Print

Print


Hi Tod,

I'm not understanding how UTF-8 would be considered 8-bit character data (other than the ASCII-range of the Unicode repertoire, natch).  I don't think ISO 2709 knows from characters, only bytes.

-- Michael

# Michael Doran, Systems Librarian
# University of Texas at Arlington
# 817-272-5326 office
# 817-688-1926 mobile
# [log in to unmask]
# http://rocky.uta.edu/doran/


> -----Original Message-----
> From: Code for Libraries [mailto:[log in to unmask]] On Behalf Of
> Tod Olson
> Sent: Wednesday, April 18, 2012 5:04 AM
> To: [log in to unmask]
> Subject: Re: [CODE4LIB] more on MARC char encoding: Now we're about
> ISO_2709 and MARC21
> 
> It has to mean UTF-8. ISO 2709 is very byte-oriented, from the directory
> structure to the byte-offsets in the fixed fields.
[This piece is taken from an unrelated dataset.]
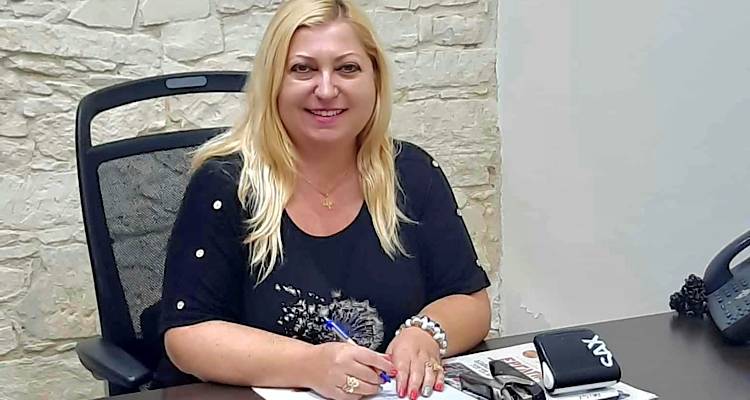 &Pi;&alpha;&rho;έ&mu;&beta;&alpha;&sigma;&eta; &Iota;&omicron;&upsilon;&lambda;ί&alpha;&sigmaf; &Lambda;&upsilon;&gamma;&delta;ά &gamma;&iota;&alpha; &tau;&omicron; &nu;&epsilon;&rho;ό &sigma;&tau;&omicron; &Theta;ά&nu;&omicron;&sigmaf; | &Zeta;&eta;&tau;ά &nu;&alpha; &pi;&lambda;&eta;&rho;&omicron;&phi;&omicron;&rho;&eta;&theta;&epsilon;ί &tau;&alpha; &alpha;&pi;&omicron;&tau;&epsilon;&lambda;έ&sigma;&mu;&alpha;&tau;&alpha; &tau;&omega;&nu; &mu;&epsilon;&tau;&rho;ή&sigma;&epsilon;&omega;&nu; &kappa;&alpha;&iota; &mu;&eta;&delta;&epsilon;&nu;&iota;&kappa;&omicron;ύ&sigmaf; &lambda;&omicron;&gamma;&alpha;&rho;&iota;&alpha;&sigma;&mu;&omicron;ύ&sigmaf; &sigma;&tau;&omicron;&upsilon;&sigmaf; &kappa;&alpha;&tau;&omicron;ί&kappa;&omicron;&upsilon;&sigmaf;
The values in these
> places all assume 8-bit character data, it's completely baked in to the
> file format.
> 
> -Tod
> 
> On Apr 17, 2012, at 6:55 PM, Jonathan Rochkind wrote:
> 
> > Okay, forget XML for a moment, let's just look at marc 'binary'.
> >
> > First, for Anglophone-centric MARC21.
> >
> > The LC docs don't actually say quite what I thought about leader byte
> 09, used to advertise encoding:
> >
> >
> > a - UCS/Unicode
> > Character coding in the record makes use of characters from the
> Universal Coded Character Set (UCS) (ISO 10646), or Unicode(tm), an industry
> subset.
> >
> >
> >
> > That doesn't say UTF-8. It says UCS or "Unicode". What does that
> actually mean?  Does it mean UTF-8, or does it mean UTF-16 (closer to
> what used to be called "UCS" I think?).  Whatever it actually means, do
> people violate it in the wild?
> >
> >
> >
> > Now we get to non-Anglophone centric marc. I think all of which is
> ISO_2709?  A standard which of course is not open access, so I can't get
> it to see what it says.
> >
> > But leader 09 being used for encoding -- is that Marc21 specific, or is
> it true of any ISO-2709?  Marc8 and "unicode" being the only valid
> encodings can't be true of any ISO-2709, right?
> >
> > Is there a generic ISO-2709 way to deal with this, or not so much?